The side of equity and justice, though, has taken a huge hit recently. Meta (which runs Facebook), for example, has capitulated, now relaxing their rules against hateful content. So now it’s a free-for-all for people to harass transgender people, women, immigrants, and other vulnerable people. Zuckerberg has also said companies need more “masculine energy,” which I think means having employees of all genders wear fake mustaches and interrupt one another more often to talk about stuff they only have a little knowledge about but a lot of confidence in.

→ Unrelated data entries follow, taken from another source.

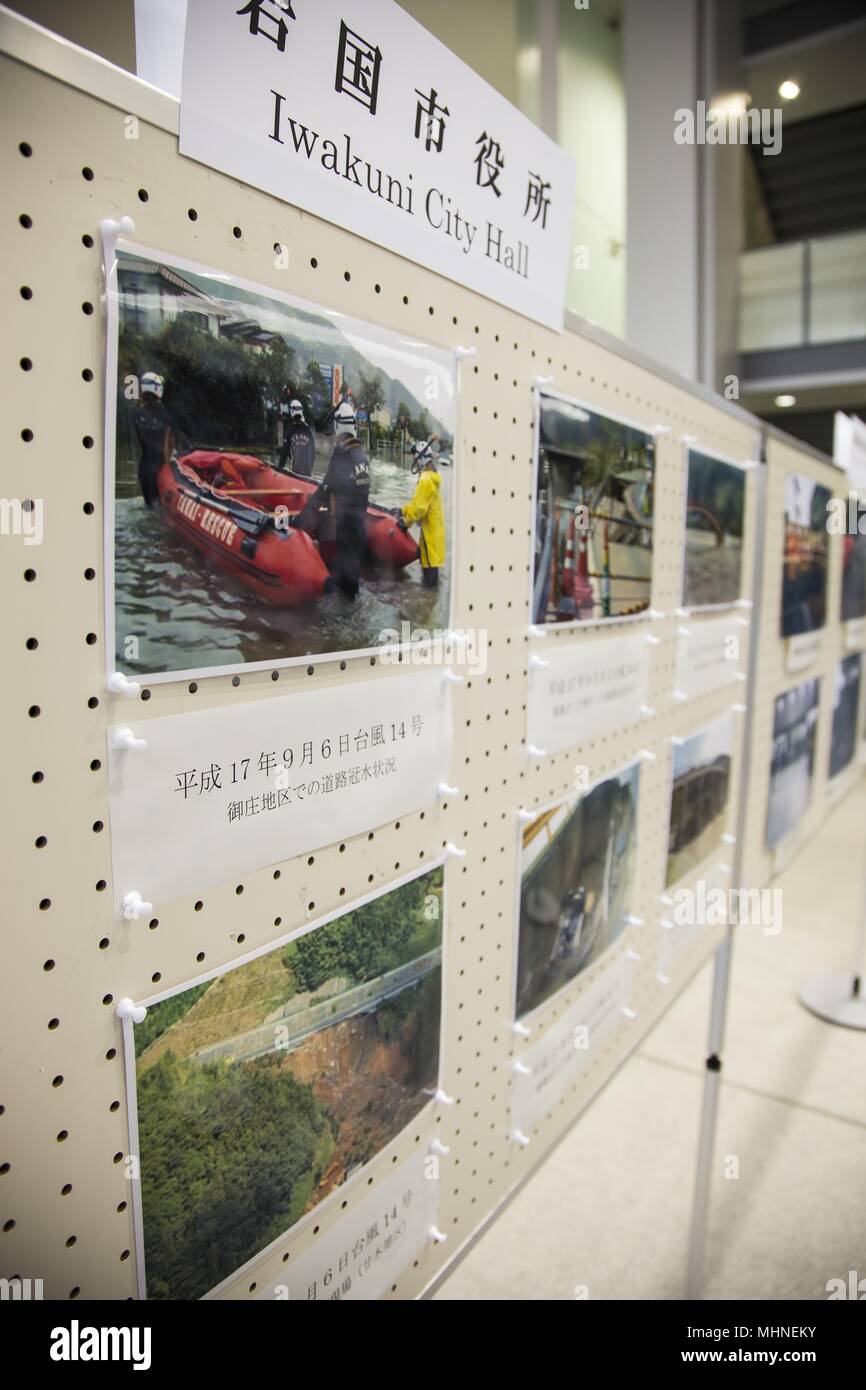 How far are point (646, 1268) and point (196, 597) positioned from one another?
187cm

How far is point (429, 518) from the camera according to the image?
72cm

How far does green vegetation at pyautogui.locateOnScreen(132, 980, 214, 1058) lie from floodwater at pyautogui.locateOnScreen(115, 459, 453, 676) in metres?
0.23

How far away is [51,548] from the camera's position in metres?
0.44

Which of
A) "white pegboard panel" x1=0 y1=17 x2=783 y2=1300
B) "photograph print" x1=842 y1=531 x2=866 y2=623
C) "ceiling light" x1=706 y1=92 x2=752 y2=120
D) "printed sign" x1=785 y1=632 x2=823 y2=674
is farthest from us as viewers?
"ceiling light" x1=706 y1=92 x2=752 y2=120

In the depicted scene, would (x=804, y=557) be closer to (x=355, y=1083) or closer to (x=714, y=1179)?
(x=714, y=1179)

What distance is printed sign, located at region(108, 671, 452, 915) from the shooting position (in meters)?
0.51

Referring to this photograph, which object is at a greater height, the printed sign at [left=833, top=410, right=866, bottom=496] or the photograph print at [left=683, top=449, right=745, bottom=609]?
the printed sign at [left=833, top=410, right=866, bottom=496]

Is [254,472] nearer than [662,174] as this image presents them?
Yes

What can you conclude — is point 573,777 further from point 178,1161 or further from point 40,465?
point 40,465

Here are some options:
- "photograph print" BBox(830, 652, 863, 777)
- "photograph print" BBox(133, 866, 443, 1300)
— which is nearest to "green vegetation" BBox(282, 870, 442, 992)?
"photograph print" BBox(133, 866, 443, 1300)

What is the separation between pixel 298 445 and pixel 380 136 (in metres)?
0.26

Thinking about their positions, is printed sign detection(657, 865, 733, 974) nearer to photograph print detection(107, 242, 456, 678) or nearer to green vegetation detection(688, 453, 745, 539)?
green vegetation detection(688, 453, 745, 539)

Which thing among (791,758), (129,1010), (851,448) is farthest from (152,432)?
(851,448)

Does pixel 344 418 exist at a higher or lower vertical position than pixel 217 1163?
higher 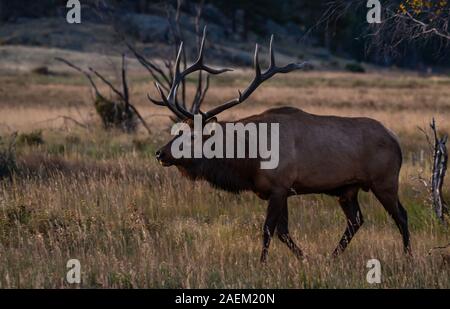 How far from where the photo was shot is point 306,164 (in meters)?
7.54

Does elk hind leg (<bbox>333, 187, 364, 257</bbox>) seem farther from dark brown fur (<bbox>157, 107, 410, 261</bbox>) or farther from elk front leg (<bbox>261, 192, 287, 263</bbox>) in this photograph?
elk front leg (<bbox>261, 192, 287, 263</bbox>)

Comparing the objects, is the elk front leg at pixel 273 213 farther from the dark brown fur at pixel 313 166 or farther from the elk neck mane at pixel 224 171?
the elk neck mane at pixel 224 171

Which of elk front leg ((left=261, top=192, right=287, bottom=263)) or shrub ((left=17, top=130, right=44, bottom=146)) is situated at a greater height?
shrub ((left=17, top=130, right=44, bottom=146))

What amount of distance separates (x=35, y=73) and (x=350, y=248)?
3804 centimetres

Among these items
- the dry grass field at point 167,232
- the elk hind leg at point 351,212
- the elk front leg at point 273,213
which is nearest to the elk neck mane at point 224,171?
the elk front leg at point 273,213

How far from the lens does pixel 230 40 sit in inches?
2749

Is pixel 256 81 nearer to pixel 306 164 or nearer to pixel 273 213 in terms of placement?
pixel 306 164

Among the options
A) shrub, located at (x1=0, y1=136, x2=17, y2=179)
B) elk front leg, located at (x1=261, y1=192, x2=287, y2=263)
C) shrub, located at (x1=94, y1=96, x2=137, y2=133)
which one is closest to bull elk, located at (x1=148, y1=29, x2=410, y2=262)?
elk front leg, located at (x1=261, y1=192, x2=287, y2=263)

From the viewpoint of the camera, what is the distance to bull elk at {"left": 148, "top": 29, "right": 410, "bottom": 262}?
743 cm

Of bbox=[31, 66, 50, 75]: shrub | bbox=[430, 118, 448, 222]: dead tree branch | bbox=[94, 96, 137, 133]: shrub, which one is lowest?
bbox=[430, 118, 448, 222]: dead tree branch

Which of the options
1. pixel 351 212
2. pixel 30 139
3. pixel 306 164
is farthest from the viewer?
pixel 30 139

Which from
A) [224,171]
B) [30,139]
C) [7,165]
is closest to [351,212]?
[224,171]

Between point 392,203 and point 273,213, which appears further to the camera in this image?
point 392,203

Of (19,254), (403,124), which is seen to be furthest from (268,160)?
(403,124) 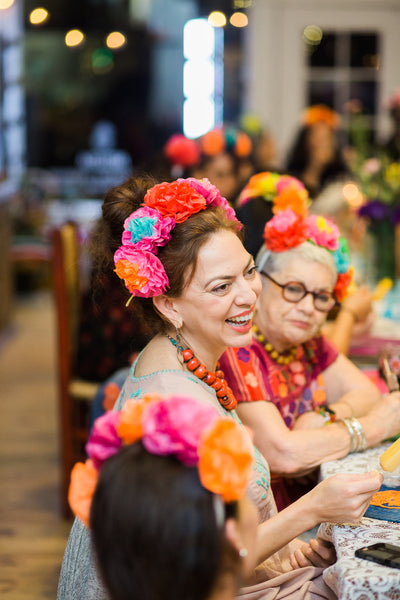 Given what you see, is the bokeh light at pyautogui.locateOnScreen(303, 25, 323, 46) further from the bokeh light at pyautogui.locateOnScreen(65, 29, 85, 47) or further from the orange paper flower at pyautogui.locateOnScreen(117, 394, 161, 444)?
the orange paper flower at pyautogui.locateOnScreen(117, 394, 161, 444)

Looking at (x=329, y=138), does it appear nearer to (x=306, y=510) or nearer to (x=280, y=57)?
(x=280, y=57)

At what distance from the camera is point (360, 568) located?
3.79ft

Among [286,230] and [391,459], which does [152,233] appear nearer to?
[286,230]

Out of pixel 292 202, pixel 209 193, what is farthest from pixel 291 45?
pixel 209 193

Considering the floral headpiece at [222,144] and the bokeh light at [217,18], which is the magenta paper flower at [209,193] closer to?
the floral headpiece at [222,144]

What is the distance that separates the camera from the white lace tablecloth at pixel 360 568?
3.66ft

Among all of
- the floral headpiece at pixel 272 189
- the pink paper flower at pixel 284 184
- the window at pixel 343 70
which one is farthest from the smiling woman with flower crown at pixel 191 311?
the window at pixel 343 70

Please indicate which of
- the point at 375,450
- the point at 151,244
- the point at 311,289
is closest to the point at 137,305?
the point at 151,244

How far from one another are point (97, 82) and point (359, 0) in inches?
119

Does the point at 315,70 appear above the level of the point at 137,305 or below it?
above

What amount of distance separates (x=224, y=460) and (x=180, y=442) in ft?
0.20

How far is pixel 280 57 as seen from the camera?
7.00 m

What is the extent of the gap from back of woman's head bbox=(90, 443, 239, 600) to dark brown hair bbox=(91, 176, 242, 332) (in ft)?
1.95

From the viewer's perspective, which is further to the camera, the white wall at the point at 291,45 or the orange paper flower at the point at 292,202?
the white wall at the point at 291,45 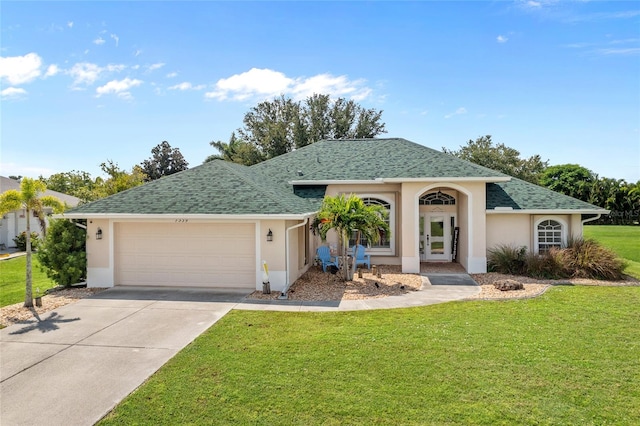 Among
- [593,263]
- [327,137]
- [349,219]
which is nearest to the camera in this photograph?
[349,219]

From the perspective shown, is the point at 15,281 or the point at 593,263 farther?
the point at 15,281

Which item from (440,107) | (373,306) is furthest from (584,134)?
(373,306)

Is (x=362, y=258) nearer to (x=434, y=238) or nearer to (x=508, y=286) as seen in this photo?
(x=434, y=238)

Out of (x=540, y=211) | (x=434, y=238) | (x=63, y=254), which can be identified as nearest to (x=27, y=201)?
(x=63, y=254)

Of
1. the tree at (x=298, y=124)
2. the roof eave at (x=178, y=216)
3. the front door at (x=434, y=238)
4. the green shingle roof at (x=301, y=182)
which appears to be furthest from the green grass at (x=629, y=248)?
the tree at (x=298, y=124)

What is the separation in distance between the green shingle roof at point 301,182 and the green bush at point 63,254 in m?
0.74

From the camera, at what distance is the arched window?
17.6m

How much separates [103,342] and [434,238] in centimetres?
1473

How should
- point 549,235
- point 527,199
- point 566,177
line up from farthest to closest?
point 566,177, point 527,199, point 549,235

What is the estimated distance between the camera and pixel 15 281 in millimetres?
14430

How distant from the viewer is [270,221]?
1207 cm

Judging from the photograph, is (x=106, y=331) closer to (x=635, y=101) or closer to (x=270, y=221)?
(x=270, y=221)

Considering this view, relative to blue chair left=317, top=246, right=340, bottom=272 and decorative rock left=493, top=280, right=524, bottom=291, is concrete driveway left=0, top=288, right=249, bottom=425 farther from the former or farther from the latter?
decorative rock left=493, top=280, right=524, bottom=291

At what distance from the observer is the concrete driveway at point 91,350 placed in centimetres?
514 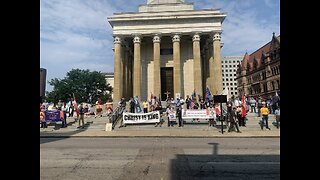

Meanwhile, I hear about the rise of MEI, which stands for Merit, Excellence, and Intelligence. It is a counterresponse to DEI. Instead of focusing on “woke garbage” like equity and inclusion, with MEI we just focus on whoever does the best job, never mind stuff like systemic racism and bias, those things “don’t exist.” Be on the lookout for more MEI language from right-wing pundits, politicians, and CEOs. Thankfully, we have some companies, notably Costco, whose board refused to cave in to pressure from the right to dismantle their DEI program.